● **YOUR INSTRUCTIONS**:
All lines from the one containing "a table topped" down to the one containing "Anthony Dirrell knocks", both ends included, are to be given again exactly; omit the rest of the listing below.

● **RECORDS TO PROCESS**:
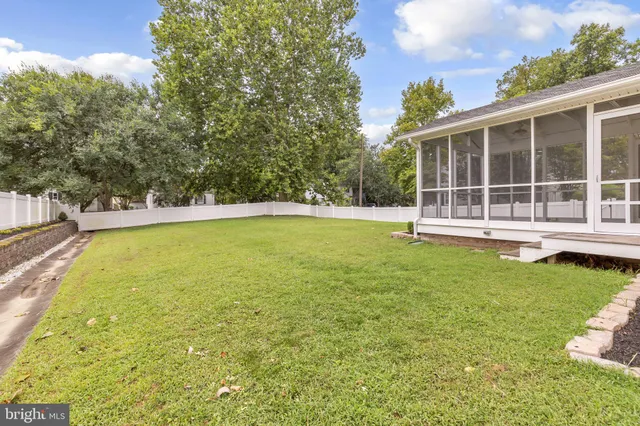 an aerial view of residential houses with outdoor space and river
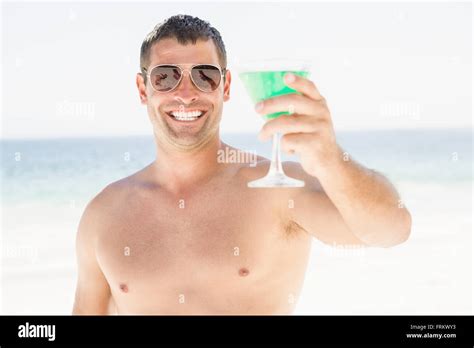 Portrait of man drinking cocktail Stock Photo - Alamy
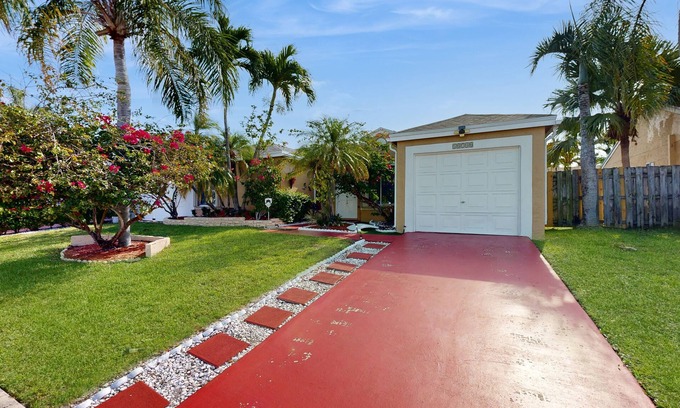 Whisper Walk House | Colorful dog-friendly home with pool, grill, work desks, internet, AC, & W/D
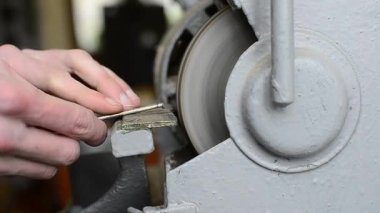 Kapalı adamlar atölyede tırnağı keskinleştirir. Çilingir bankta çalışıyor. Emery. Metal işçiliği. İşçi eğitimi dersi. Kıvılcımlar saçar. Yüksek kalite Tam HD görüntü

...

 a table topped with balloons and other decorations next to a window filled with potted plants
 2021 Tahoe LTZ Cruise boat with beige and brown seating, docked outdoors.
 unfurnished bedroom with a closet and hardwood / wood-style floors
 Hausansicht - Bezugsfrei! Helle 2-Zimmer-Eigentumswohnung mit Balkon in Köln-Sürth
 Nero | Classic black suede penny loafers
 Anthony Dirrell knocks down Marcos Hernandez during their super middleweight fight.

* * *

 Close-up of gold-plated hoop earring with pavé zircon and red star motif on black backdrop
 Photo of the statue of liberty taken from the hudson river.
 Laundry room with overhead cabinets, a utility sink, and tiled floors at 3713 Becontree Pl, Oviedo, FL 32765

● **YOUR SOLUTION**:
 a table topped with balloons and other decorations next to a window filled with potted plants
 2021 Tahoe LTZ Cruise boat with beige and brown seating, docked outdoors.
 unfurnished bedroom with a closet and hardwood / wood-style floors
 Hausansicht - Bezugsfrei! Helle 2-Zimmer-Eigentumswohnung mit Balkon in Köln-Sürth
 Nero | Classic black suede penny loafers
 Anthony Dirrell knocks down Marcos Hernandez during their super middleweight fight.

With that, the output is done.